A 70-year-old man is found to have serum sodium of 122 mEq/L. He is on a thiazide diuretic for hypertension. His urine osmolality is 480 mOsm/kg, urine sodium is 55 mEq/L, and he appears euvolaemic. Thyroid and adrenal function are normal. What is the likely mechanism and first-line treatment?
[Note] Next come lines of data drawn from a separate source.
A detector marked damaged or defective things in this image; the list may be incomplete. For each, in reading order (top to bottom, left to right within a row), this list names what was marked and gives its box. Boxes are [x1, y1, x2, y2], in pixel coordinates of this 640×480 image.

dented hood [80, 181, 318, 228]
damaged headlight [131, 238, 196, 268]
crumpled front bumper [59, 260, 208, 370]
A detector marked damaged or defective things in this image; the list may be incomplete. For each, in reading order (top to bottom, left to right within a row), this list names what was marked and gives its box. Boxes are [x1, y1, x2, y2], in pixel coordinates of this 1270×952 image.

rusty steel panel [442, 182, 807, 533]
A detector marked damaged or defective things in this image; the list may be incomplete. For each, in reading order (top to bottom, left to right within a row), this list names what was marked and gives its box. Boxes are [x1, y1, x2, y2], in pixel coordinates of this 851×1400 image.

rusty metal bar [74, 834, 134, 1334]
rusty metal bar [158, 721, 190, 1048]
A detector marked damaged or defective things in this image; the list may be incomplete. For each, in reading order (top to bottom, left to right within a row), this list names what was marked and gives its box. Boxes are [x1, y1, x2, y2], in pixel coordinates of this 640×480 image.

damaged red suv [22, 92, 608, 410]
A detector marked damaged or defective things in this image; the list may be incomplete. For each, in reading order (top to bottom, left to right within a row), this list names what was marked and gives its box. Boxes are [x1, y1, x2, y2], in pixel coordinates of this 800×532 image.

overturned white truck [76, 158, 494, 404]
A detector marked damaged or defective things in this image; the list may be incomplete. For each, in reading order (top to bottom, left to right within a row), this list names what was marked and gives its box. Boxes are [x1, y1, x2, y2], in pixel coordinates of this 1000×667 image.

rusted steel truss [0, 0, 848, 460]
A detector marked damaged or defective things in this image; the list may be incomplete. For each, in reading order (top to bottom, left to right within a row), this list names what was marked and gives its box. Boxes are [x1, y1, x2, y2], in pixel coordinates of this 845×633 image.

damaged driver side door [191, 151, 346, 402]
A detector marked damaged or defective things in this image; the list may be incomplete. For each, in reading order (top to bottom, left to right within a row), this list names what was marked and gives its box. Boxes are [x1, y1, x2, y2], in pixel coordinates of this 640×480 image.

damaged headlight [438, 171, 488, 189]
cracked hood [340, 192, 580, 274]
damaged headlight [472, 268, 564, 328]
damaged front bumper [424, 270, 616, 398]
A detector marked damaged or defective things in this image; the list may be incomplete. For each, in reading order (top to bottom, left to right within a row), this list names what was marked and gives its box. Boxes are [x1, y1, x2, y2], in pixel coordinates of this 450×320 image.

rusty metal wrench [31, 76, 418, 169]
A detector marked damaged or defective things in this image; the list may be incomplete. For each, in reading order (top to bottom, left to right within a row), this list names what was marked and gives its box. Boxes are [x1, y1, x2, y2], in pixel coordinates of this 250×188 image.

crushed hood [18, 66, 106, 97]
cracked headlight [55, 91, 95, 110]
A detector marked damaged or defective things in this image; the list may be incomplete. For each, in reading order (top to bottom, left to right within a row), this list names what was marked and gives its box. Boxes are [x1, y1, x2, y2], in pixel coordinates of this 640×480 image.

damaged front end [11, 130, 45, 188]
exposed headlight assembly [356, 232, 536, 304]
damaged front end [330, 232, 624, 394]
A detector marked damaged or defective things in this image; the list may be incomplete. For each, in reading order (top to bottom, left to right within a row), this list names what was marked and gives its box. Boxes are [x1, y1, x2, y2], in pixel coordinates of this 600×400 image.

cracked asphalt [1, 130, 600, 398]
- A Thiazide-induced SIADH-like hyponatraemia; stop thiazide and restrict fluid to 500–800 mL/day ✓
- B Cerebral salt wasting; treat with hypertonic saline and fludrocortisone
- C Psychogenic polydipsia; restrict fluid intake only
- D Reset osmostat; no treatment needed
Explanation
Thiazide diuretics cause euvolaemic hyponatraemia by impairing urinary dilution (blocking NaCl transport in the distal convoluted tubule) while ADH is appropriately released; the mechanism mimics SIADH. The features here (concentrated urine, high urinary Na, euvolaemia, normal TSH/cortisol) confirm thiazide-induced hyponatraemia. Stopping the thiazide is mandatory; fluid restriction augments correction. Hypertonic saline is reserved for severe symptomatic hyponatraemia.
Reference: Harrison's Principles of Internal Medicine, 21st ed.